When you're a kiddo, bravery was witnessed from your superheroes or on cartoons as the good guys took on the bad guys... standing up to a bully... It could even be considered brave to stand up for yourself to an elder whom you're supposed to respect. To go against the status quo and do your own thing, is brave. To veer from the well traveled path and forge your own destiny is very brave. So, that being said, bravery is certainly not the lack of fear but the strength to overcome it. Fear begets bravery.
I love the way The Boy Scout Trail says:
Fear is a feeling you have based on your surroundings. If you sense danger, you feel fear. It's a natural and useful feeling. When a Scout experiences fear, he can either control it or let it control him. Courage controls fear and allows a Scout to keep a cool head, rise above the danger, and act in a brave way. When fear controls the person, he loses his sense of honor and his gut instinct of self-preservation takes over, causing acts of cowardice.
It's easy to stand back in the sidelines and let things happen, but we are training leaders that not only think of others, but act on the moral compass we are helping to instill within. To think about how he can interject in a situation to turn it around and let the right thing happen.

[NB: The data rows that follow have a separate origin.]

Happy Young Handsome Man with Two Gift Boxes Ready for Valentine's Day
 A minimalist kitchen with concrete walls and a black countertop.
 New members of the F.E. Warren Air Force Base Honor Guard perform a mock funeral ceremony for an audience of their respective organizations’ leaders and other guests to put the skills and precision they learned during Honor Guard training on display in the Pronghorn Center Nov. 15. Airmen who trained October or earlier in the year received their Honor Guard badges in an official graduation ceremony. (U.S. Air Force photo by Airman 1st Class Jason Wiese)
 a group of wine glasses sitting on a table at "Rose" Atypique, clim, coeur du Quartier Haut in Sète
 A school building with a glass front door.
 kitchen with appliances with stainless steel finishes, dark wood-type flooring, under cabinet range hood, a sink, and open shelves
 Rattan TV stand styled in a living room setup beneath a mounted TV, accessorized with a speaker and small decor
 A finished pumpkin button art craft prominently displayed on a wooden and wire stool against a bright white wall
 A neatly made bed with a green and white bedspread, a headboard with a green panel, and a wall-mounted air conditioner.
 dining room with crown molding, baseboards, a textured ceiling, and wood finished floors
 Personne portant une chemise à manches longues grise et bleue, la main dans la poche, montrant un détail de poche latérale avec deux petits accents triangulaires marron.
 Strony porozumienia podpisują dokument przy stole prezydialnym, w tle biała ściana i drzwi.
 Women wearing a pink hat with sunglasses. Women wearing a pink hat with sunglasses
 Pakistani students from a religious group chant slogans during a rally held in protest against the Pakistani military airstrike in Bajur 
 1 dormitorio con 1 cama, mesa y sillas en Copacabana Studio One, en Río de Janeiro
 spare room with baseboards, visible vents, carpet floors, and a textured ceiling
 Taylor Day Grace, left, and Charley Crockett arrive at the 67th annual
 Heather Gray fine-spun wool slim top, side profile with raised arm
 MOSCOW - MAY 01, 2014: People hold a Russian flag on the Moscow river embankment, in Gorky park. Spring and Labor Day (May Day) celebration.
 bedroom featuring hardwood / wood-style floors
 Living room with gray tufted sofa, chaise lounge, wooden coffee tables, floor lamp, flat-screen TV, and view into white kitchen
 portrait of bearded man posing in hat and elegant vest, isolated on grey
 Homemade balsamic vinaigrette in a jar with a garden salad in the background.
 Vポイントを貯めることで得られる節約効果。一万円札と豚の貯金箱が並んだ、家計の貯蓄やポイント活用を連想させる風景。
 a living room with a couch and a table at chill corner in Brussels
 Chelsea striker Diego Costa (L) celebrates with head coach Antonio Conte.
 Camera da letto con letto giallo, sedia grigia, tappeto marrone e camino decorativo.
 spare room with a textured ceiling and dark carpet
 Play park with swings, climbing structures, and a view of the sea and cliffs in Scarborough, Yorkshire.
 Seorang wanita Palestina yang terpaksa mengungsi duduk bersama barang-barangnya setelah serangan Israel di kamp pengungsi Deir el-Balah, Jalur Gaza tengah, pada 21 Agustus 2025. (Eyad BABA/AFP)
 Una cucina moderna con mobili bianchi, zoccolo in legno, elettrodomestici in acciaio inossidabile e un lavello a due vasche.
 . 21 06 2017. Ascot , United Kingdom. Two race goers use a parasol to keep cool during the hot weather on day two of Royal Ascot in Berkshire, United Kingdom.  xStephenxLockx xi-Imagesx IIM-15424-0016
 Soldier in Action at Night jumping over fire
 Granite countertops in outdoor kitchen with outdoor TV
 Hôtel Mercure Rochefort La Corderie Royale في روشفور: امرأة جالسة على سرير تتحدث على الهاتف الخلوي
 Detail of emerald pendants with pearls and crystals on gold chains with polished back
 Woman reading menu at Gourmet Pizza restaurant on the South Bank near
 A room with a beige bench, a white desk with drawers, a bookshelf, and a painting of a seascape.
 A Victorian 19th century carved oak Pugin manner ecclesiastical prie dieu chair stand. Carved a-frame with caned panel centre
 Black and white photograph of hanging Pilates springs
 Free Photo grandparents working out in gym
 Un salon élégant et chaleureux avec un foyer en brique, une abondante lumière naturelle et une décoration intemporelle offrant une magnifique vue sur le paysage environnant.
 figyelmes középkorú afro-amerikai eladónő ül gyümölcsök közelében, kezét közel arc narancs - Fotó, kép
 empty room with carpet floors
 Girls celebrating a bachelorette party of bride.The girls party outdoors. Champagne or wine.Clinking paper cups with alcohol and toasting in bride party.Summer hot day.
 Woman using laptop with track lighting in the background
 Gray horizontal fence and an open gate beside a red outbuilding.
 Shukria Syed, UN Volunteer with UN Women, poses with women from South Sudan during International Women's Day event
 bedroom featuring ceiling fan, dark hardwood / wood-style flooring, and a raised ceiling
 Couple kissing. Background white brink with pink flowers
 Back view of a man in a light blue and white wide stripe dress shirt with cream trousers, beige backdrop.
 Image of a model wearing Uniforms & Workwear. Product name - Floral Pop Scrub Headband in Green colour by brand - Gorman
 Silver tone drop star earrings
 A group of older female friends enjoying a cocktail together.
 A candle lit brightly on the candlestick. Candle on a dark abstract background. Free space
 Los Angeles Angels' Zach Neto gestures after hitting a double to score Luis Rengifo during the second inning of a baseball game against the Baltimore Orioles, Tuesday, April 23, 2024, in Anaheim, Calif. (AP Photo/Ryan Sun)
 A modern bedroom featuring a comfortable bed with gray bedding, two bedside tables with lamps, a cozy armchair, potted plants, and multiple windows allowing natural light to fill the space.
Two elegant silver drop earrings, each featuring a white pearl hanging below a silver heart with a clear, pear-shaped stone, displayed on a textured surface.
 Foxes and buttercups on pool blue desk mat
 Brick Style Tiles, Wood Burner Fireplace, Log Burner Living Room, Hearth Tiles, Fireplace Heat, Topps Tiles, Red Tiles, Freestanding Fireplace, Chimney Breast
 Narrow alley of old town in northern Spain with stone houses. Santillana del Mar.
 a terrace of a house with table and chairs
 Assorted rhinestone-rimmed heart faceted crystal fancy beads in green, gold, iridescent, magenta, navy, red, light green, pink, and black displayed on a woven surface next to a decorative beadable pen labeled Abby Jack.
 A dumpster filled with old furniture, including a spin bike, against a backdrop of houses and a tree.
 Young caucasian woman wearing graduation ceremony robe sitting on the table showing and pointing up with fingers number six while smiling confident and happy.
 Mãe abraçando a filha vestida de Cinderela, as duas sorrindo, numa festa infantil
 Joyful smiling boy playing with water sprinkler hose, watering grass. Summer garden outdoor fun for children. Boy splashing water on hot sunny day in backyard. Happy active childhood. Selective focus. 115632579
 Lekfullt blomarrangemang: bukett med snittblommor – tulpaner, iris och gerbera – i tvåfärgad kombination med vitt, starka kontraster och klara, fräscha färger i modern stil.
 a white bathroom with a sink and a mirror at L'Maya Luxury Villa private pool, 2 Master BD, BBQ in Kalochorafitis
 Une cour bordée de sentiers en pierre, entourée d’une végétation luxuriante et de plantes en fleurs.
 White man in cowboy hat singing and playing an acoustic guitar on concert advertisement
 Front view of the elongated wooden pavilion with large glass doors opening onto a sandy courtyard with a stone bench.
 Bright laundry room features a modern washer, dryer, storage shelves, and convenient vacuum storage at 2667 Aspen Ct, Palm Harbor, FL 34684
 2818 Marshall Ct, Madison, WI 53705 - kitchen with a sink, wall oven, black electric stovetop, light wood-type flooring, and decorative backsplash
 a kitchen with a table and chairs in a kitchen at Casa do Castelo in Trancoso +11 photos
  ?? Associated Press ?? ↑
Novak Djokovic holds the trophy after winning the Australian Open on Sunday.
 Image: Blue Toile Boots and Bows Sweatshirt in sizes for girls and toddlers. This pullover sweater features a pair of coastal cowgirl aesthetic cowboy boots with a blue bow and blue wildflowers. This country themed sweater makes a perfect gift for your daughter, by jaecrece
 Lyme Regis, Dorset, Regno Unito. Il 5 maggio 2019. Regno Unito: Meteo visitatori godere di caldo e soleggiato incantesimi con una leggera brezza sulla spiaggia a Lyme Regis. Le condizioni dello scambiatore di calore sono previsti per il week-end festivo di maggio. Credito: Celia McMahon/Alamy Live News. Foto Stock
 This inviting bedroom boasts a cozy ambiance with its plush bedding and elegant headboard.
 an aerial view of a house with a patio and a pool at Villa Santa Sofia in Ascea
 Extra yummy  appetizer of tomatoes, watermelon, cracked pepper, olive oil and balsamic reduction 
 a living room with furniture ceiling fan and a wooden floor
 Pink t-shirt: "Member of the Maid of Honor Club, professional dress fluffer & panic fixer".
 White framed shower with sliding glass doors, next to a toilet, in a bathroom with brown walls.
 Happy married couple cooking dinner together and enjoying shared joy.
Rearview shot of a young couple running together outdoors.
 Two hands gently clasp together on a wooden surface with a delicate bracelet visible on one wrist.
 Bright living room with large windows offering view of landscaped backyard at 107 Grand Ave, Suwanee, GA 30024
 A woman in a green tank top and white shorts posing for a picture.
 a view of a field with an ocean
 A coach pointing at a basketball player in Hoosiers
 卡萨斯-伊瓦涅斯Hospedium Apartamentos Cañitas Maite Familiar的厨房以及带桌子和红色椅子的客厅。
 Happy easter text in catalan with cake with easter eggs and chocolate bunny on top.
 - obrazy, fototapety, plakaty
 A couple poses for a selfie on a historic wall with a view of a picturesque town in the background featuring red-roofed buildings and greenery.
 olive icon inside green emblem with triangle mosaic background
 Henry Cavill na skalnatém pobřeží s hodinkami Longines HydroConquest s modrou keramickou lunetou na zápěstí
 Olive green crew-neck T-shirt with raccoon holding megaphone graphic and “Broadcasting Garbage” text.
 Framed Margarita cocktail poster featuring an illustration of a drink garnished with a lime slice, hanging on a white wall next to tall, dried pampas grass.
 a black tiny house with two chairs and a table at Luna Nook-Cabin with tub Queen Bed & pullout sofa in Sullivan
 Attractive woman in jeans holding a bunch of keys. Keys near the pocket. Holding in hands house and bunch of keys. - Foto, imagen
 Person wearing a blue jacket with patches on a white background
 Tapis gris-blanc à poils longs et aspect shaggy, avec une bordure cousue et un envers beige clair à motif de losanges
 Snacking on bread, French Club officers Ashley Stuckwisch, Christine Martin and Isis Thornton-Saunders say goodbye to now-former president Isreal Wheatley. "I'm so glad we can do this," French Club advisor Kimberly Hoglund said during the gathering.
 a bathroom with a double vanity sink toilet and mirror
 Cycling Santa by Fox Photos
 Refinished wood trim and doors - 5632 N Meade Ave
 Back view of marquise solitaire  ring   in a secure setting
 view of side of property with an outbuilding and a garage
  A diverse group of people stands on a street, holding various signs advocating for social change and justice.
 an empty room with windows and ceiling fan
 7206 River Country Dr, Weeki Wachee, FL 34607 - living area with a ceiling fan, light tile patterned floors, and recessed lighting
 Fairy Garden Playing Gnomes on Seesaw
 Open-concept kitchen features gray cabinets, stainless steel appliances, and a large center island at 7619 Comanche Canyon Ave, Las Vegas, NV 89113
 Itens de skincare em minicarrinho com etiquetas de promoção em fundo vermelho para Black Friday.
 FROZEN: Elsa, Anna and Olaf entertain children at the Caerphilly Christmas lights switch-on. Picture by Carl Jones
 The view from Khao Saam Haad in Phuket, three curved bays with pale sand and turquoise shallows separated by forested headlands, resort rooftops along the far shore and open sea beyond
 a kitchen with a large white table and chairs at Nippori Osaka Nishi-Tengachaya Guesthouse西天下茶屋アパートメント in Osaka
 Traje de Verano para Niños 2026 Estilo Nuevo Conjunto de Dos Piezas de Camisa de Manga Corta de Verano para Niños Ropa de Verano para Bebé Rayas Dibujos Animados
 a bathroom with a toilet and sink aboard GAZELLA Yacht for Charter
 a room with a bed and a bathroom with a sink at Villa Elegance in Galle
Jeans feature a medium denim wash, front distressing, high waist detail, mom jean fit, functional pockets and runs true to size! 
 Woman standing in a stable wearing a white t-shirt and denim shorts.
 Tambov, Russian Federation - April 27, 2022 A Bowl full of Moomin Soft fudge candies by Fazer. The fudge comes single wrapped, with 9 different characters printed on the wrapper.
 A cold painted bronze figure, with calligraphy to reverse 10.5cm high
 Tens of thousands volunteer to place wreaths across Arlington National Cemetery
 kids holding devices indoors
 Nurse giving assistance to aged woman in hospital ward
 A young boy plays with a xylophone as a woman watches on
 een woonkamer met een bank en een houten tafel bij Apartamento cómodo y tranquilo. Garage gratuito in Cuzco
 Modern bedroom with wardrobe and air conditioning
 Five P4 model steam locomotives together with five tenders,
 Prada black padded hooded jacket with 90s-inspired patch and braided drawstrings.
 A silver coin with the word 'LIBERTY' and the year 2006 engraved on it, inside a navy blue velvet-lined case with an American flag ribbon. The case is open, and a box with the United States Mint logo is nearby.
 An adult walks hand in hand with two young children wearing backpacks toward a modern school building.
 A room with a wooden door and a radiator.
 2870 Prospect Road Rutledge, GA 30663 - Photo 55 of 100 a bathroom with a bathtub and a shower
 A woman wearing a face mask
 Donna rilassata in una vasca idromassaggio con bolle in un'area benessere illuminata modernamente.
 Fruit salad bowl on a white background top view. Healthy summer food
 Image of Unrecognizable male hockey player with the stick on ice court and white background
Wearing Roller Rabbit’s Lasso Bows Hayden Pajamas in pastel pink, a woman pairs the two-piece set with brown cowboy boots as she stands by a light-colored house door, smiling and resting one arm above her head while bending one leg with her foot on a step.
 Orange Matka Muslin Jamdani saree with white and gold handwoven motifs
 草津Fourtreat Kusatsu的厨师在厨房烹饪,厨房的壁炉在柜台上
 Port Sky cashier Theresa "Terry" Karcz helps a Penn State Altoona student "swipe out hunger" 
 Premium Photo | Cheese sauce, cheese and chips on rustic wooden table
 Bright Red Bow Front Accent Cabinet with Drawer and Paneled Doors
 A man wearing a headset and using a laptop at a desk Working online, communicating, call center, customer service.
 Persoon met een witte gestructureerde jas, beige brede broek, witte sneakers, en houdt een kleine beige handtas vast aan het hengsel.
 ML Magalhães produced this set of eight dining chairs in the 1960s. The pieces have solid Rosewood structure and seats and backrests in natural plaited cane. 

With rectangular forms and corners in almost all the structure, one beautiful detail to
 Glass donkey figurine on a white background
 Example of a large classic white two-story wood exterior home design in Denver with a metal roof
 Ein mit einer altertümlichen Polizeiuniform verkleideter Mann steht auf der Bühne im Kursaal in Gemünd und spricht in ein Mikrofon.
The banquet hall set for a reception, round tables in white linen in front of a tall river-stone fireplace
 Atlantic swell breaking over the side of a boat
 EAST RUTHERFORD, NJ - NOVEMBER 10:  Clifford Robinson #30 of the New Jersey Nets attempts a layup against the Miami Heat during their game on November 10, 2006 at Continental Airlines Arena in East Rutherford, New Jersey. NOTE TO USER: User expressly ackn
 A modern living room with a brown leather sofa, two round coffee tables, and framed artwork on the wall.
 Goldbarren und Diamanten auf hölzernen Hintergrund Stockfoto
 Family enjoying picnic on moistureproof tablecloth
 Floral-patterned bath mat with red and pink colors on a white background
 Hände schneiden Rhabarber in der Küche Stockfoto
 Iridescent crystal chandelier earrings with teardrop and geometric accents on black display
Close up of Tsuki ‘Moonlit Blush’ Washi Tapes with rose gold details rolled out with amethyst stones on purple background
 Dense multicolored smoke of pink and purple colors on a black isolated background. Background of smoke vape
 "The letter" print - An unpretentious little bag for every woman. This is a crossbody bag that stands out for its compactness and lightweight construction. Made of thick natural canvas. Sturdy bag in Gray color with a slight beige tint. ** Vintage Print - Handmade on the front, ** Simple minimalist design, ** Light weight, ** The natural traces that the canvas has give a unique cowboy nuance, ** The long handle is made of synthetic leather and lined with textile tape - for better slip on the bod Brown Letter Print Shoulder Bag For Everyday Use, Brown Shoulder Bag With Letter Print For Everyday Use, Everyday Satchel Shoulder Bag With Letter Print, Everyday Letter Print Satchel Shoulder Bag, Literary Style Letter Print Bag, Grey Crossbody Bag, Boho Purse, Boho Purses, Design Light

There are many situations in Scouting where fear may be experienced: public speaking, leading a project, asking for help from another leader, learning new skills, handling new tools, camping in a new environment, learning to do hard things. But, the way to overcome that fear is to seek the courage from within because WE BELIEVE OUR BOYS CAN DO HARD THINGS! Do hard things every day! Conquer your fears -- conquer the world!